展示作品については、3年生6名が課題で取り組んだ作品、コンペに出品したものだけでなく、先輩たちが卒業後に仕事で手がけたものも展示。学びを深めている最中の学生と、社会で活躍する卒業生の作品をひとつの空間で展開しました。
スタディ展示、遡る水展の会場模型とスライドショー、ゼミの活動アーカイブを記した冊子なども並び、「遡る」を身体の感覚と空間で体感するインスタレーションとなりました。
作品の配置はもちろん、ライティングにも工夫。青い布にはあえて照明を当てず、キラキラと輝く白い布から光を反射させて水面を演出するなど、光の当たり方まで計算して空間を作り上げました。

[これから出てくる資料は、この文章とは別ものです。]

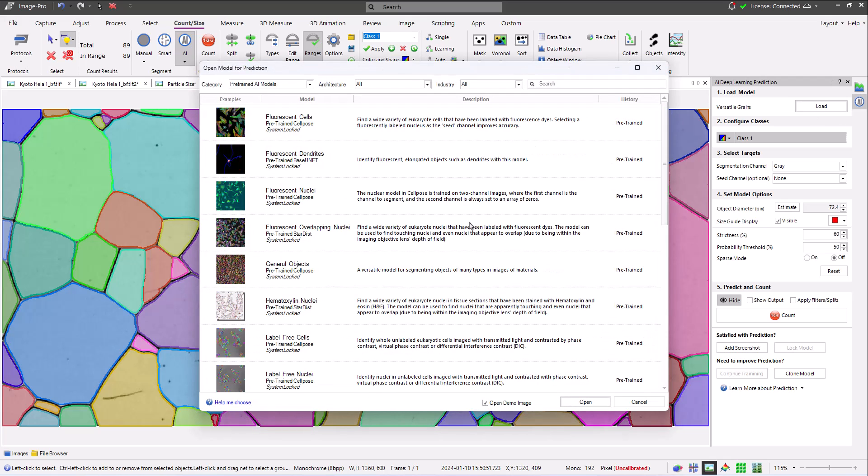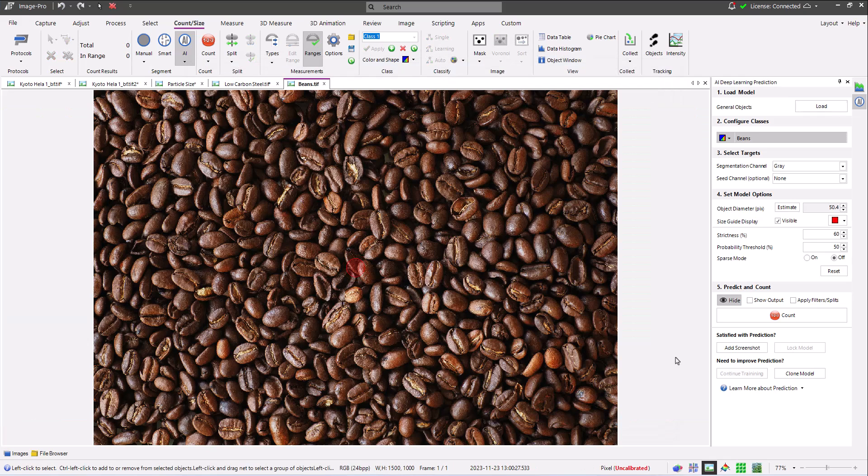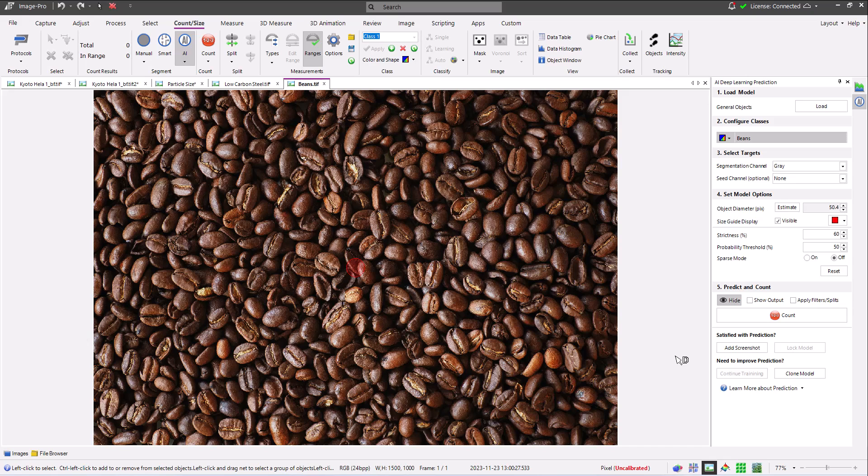I'm finally loading the versatile general objects model. We've deliberately chosen an unusual demo image for this model, a field of coffee beans, in order to illustrate the versatility of the model.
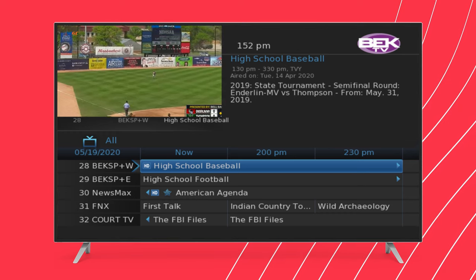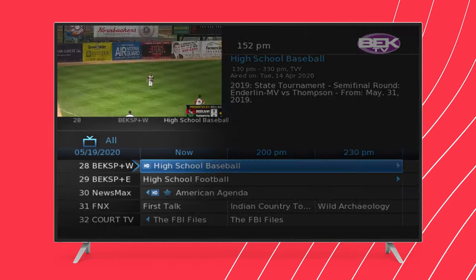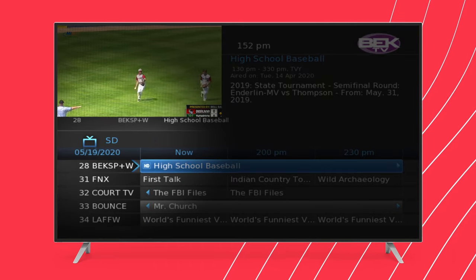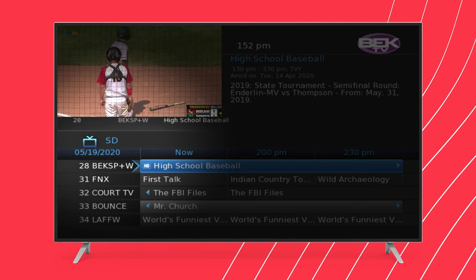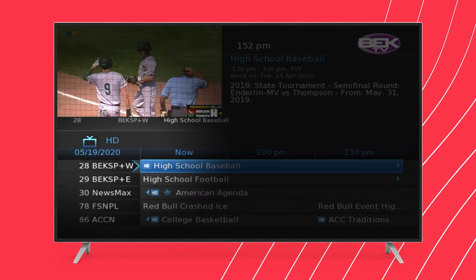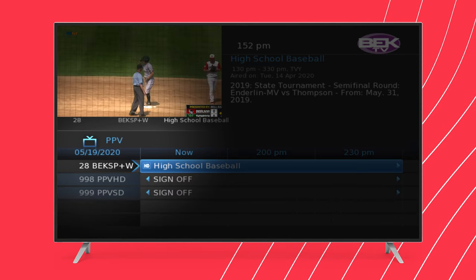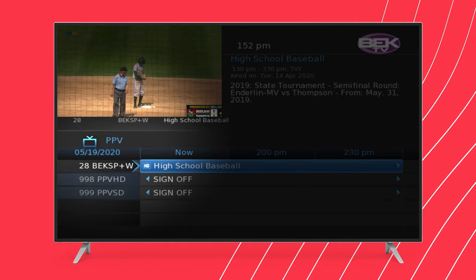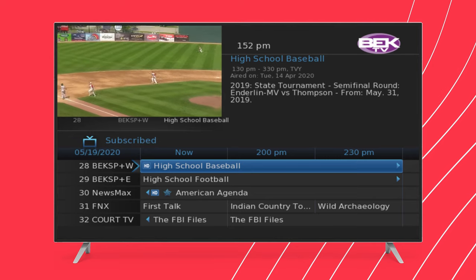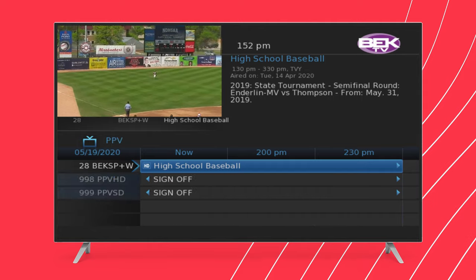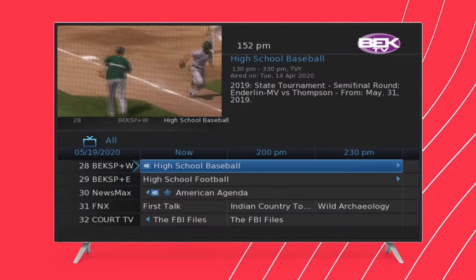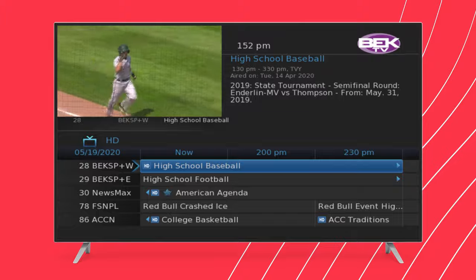The groups you may see include All, Subscribed, SD (Standard Definition), HD (High Definition), and PPV (Pay-Per-View). Keep pressing the guide button to cycle through these different Subscriber Guides. You'll see which category is selected next to the TV icon, and this will change each time you press the button.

タイトルの「遡る水」について3年生の斉藤夢叶さんは、「川から流れた水が集まり、大きな海になるけれど、私たちは個性が強いため、海から川へ遡って自ら進む道を決めるという意味を込めました」と説明してくれました。続いて恒村桃香さんは「間宮ゼミ11期生は、他の人と同じ道を行くのではなく、逆流していくようなタイプの集まりです。遡る水は私たちの生き様を表しています」と語ってくれました。個々が強いけれど、まとまりがあるのも11期生の特徴だと言います。斉藤さんは「川から海へ水が流れる時、石も削れて細かくなるけれど、逆に私たちは細かなところから集まってどんどん大きくなるという意味も『遡る』にはあります」と語ってくれました。


タイトルの「遡る水」にちなみ、代を遡って卒業生も巻き込もうと考えて開催したという今回のゼミ展。学生たちが先輩と交流を深め、家族や友人、通りかかった地域の方々など、たくさんの人にゼミの活動や学びを知っていただく機会となりました。

学生インタビュー

創造表現学部 建築・インテリアデザイン専攻*3年
恒村桃香さん、斉藤夢叶さん
来場者の方から、「水面をイメージした布はどうやって吊り下げているの?」といった質問もあり、展示作品の模型だけでなく、空間にも興味を持っていただけて良かったです。布の下をくぐる子どももいて、私たちが想定していた動線だけではない、その人なりの動線も面白いなと感じました。説明を聞かなくても、空間を通して伝わるものがあったと思います。
「H GAREGE」でのゼミ展は今回が初めてでしたが、来年度以降もこの場所で開催する予定です。今回の「遡る水」に関連していくのか、まったく違うものになっていくのはわかりませんが、何かしら引き継いでもらえたらうれしいです。
*:2025年4月より、建築学部となりました。